The cluster functionality of VxVM maintains global state information for
each volume. This enables VxVM to determine which volumes need to be
recovered when a node crashes. When a node leaves the cluster due to a
crash or by some other means that is not clean, VxVM determines which
volumes may have writes that have not completed and the master node
resynchronizes these volumes. It can use dirty region logging (DRL) or
FastResync if these are active for any of the volumes.
Clean node shutdown must be used after, or in conjunction with, a
procedure to halt all cluster applications. Depending on the
characteristics of the clustered application and its shutdown procedure, a
successful shutdown can require a lot of time (minutes to hours). For
instance, many applications have the concept of draining, where they
accept no new work, but complete any work in progress before exiting.

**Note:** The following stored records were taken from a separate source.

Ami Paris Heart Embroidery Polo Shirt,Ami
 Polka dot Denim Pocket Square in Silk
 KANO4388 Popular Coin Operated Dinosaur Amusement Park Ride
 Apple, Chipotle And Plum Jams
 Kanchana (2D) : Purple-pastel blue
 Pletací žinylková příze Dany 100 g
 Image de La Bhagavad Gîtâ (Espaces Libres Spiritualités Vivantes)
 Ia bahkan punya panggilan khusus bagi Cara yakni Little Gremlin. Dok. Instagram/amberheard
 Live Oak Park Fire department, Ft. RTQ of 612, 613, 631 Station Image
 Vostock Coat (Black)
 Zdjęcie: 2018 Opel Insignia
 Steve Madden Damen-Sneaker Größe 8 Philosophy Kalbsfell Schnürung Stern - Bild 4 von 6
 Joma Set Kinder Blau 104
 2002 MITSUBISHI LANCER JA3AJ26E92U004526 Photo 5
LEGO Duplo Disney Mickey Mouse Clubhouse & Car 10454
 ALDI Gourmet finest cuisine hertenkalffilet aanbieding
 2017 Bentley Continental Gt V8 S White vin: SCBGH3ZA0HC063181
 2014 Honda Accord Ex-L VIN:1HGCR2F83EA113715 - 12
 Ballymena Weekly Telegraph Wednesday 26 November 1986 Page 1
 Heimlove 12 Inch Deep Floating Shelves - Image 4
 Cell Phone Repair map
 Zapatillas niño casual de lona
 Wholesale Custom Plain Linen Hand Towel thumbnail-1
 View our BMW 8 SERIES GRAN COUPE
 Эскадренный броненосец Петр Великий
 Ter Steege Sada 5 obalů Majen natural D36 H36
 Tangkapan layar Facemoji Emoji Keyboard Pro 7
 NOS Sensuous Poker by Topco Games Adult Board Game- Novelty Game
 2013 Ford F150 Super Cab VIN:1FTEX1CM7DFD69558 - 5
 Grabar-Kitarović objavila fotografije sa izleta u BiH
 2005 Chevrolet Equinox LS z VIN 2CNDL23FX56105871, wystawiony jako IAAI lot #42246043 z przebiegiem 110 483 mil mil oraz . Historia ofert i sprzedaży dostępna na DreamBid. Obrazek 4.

This process can take a long time if, for example, a long-running
transaction is active.
When the VxVM shutdown procedure is invoked, it checks all volumes in
all shared disk groups on the node that is being shut down. The
procedure then either continues with the shutdown, or fails for one of the
following reasons:
• If all volumes in shared disk groups are closed, VxVM makes them
unavailable to applications. Because all nodes are informed that
these volumes are closed on the leaving node, no resynchronization is
performed.
• If any volume in a shared disk group is open, the shutdown operation
in the kernel waits until the volume is closed. There is no timeout
checking in this operation.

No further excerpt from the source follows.